Art Antics: Learning to Draw

What up guys! The last week has been pretty busy. What with our dear friend the plague of Flu 2.0 shutting down everything involving more than 4 people in the same room, I’ve been frantically mailing everyone I’ve been chatting to about contract work to see how losing out on pitching time is affecting their plans.

Still, I’ve been managing to find time to grow my own abilities. In the last two weeks I focused on my digital art abilities, or lack thereof. The result? I have a long way to go. Even so, I thought it would be good to humiliate myself and share my efforts with you lovely people!

The Logo

So, when learning to do something new, you should practice with something of little consequence, and not use your creations until you are competent enough to do a good job. So naturally I chose to learn by creating my logo; the face of my brand, the first thing people will see on my social web.

I am not a smart man.

The first few attempts were amateurish at best, and I admit, I tried to cut corners. I used a font, wrote the company name, and played around with it:

Not great. The fourth one was probably the best of those, so I gave it a try:

But it didn’t feel right. I thought long and hard about what the problem was and came to two separate conclusions: It looked too much like a business rather than a games studio, and it didn’t really say anything about the brand.

Back to the drawing board.

After some very rough sketches, complete with pretentious thought processes to boot, I landed upon using the brain as a core piece of my logo. Thus began the second wave of logo creation:

VERY rough sketches!
The product of way too much time!

I persisted with this for a little while, and am even now quite pleased with what I created. I added the problems using regular old text:

I still wasn’t happy though. The font just didn’t work, whichever font I tried, and as proud as I was, the “Ego” just didn’t pop out at you; it was easy to miss.

Enter my other half, Suzie.
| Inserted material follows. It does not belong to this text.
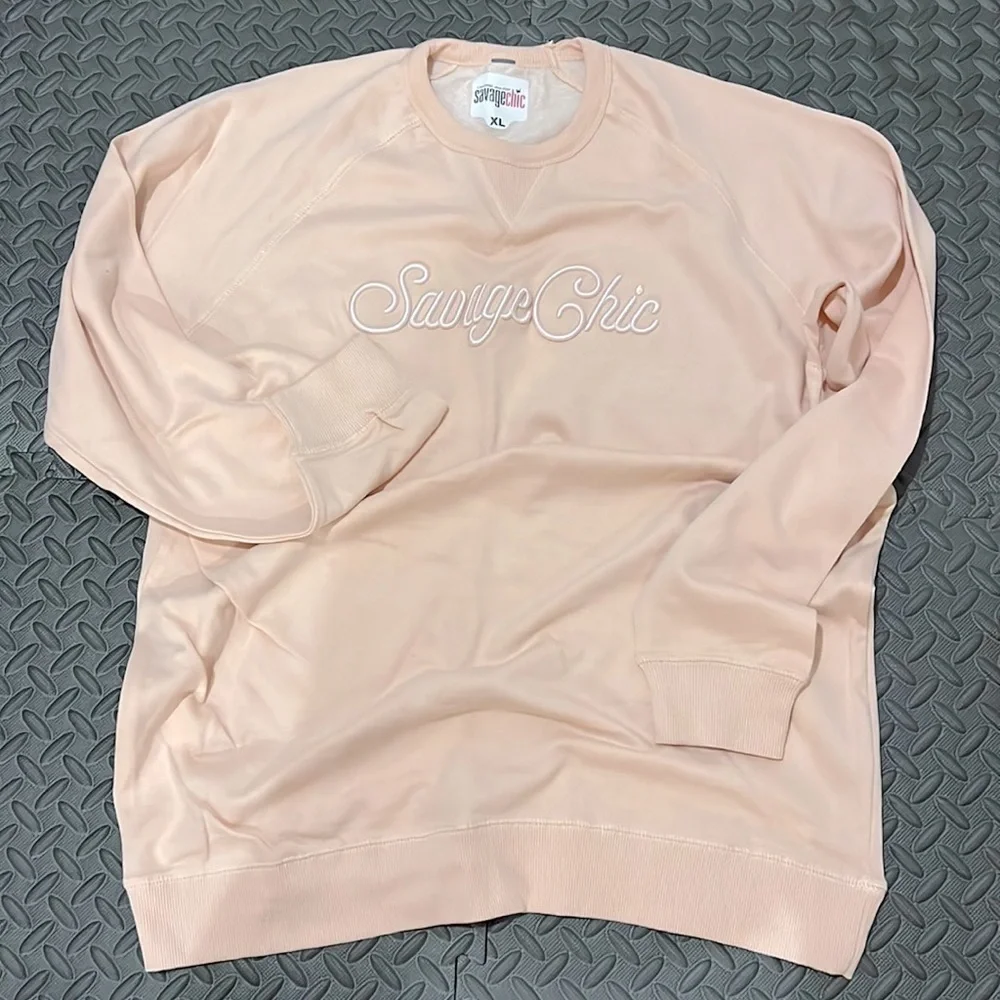 SAVAGECHIC | Embossed Seeatshirt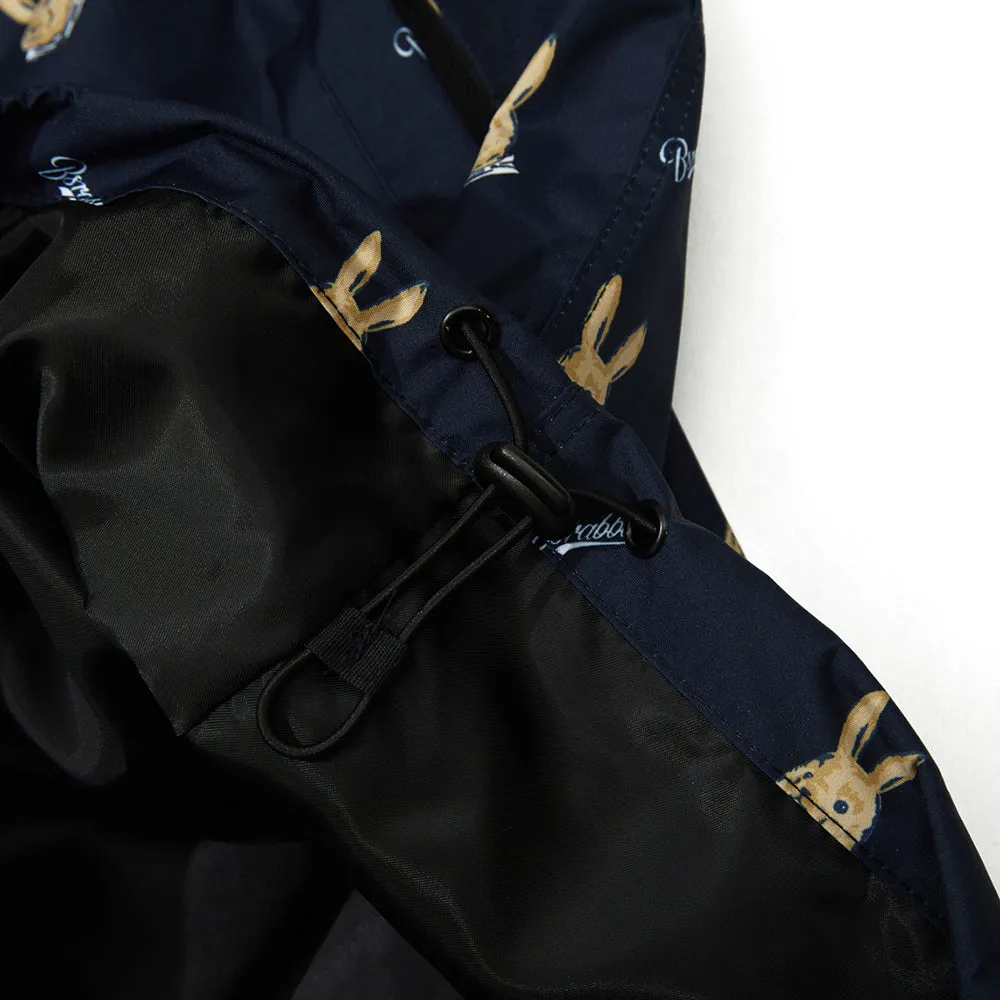 COZY HOODED ANORAK JACKET MINI BEARRABBIT NAVY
She threw together an image of the words inside the profile of a head. Something clicked for me. Instead of putting the words into a brain, make the words be the brain popping out of an exploding head. Brilliant. All credit there goes to her. I didn’t want a profile shot though, and the image she sent was silhouetted. It looked too business-like. I started playing around.

Suzie’s pitch

It was also at this point that I discovered Krita. It is excellent. Up to this point I had been using Sketchbook. But Krita seems much more feature rich, has great documentation, and seems to have good ethics too! I recommend giving it a try, and dropping a few quid their way to support them.

This isn’t sponsored by the way, it’s just really good software that I think deserves the support!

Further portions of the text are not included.